Sat, 23 Nov 2024, 06:20 pm

Corruption cuts tax-GDP ratio in Bangladesh

NBD News Desk:
  • Update Time : Saturday, October 14, 2023
  • 40 Time View

The country’s tax-to-GDP ratio fell sharply in the past decade as revenue generation could not keep pace with average economic growth of six per cent.

Economists blamed the lower-than-expected performance by the tax administration and the losses of revenue to corruption for the falling tax-to-GDP ratio, which fell to around 8 per cent in 2022 from 9.2 per cent in 2011.

 

Due to this unwanted situation, the nation has one of the lowest tax-to-GDP ratios in the world.

Furthermore, the citizens of the country have been ridiculed worldwide as reluctant taxpayers, tax ignorant, and tax dodgers despite the threefold increase in per capita income from $940 to $2765 in FY23.

Former World Bank Dhaka Office lead economist Zahid Hussain said that most of the citizens were not tax dodgers but became victims of a system that was forcing them to maintain underhand dealings with tax officials.

The amount paid underhand is quite significant, he said, adding that it did not contribute anything to the government’s coffers.

‘All goes to the pockets of tax officials,’ he said.

Zahid Hussain said that corruption in the revenue administration is hardly discussed nowadays.

He recalled a statement made by former finance minister M Saifur Rahman in July 2005.

The former finance minister told parliament that graft gripped every ministry, with the National Board of Revenue being the most corrupt body.

If actions were taken against corrupt tax officials, the revenue board would become empty, he added.

In the past 17 years, economists say, little has changed in the revenue administration.

Almost a year ago, during an event organised jointly by the Centre for Policy Dialogue and the German agency GIZ, the country’s business leaders alleged bribery and irregularities in government offices, including the offices of the NBR.

Economists suggested two measures for curbing corrupt practices by tax officials – reducing their discretionary power by harmonising tax rates and implementing proper automation in the tax collection system.

The reduction of discretionary power of tax officials will facilitate the calculation of taxes and duties, while proper automation will ensure the collection of taxes without meetings between the two parties, economists said.

NBR has undertaken many projects in the past two decades for automation in revenue administration without much success.

At least half a dozen projects have been undertaken since the 2000s with technical and financial assistance from the World Bank and the Asian Development Bank.

Tax administration has, however, only partially been automated.

In December 2011, the NBR launched the Bangladesh Integrated Tax Administration System, aimed at facilitating online tax return filing but the project ended without success.

In FY21, finance minister AHM Mustafa Kamal promised to provide a tax rebate of Tk 2,000 for filing online taxpayers’ returns, but that promise was not fulfilled.

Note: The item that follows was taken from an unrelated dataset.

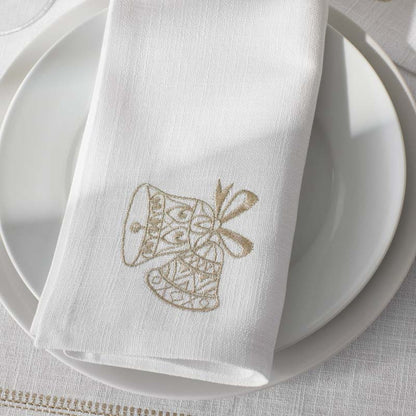 Metallic Napkins, Set of 4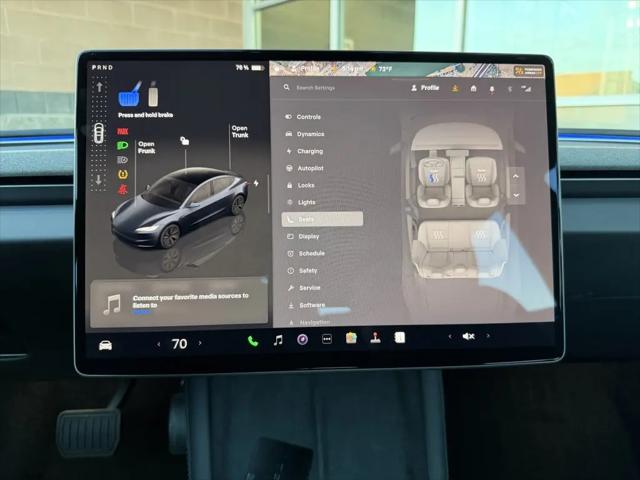 2025 Tesla Model 3 Long Range Rear-Wheel Drive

Former NBR chairman Muhammad Abdul Mazid said that the government should identify the reasons and vested quarters behind the repeated failures in the automation of the tax collection system.

He emphasised the political will to appoint skilled human resources and infrastructural development in this regard.

NBR lagged behind in revenue generation by 0.5 per cent of GDP in the past financial year as per the condition set by the IMF for obtaining the ongoing $4.7 billion loan programme in seven tranches by May 2026.

It was one of the major criteria for the release of the second tranche by the Washington-based multilateral lender in November.

The government needs the second tranche badly to tackle the shortage of dollars that has pulled down forex reserves to around $21 billion recently from $48 billion in August 2021.

The poor revenue collection by the NBR has also undermined the target of the seventh five-year plan of the planning commission.

The planning commission’s projection of a 13.7 per cent tax-to-GDP target by FY20 was missed by a whopping 5 percentage points.

Economists said that the low tax base was working as a strong deterrent to expanding budget allocations to critical areas like health, education, and social safety.

Under the current IMF loan programme, the government has also committed to mobilising additional revenue by 0.5 per cent of GDP in FY25 and 0.7 per cent of GDP in FY26.

But the success of higher revenue mobilisation targets depends on comprehensive reforms in the NBR to curb corruption and ensure transparency through proper automation, said Policy Research Institute executive director Ahsan H Mansur.

The government, in its different policy papers, underscored the need for proper reforms in the NBR to augment higher revenue ahead of the country’s graduation from the least developed countries’ block in 2026.

The latest Medium-Term Macroeconomic Policy Statement FY24–FY26 by the finance ministry said success in revenue collection should be strengthened by making tax administration friendly towards taxpayers.

Besides, increasing digitalization to bring transparency and progressivity to taxation by imposing more taxes on affluent sections has also been suggested in the key economic policy paper.

But in reality, the recommendations have remained unimplemented, lamented Ahsan H Mansur.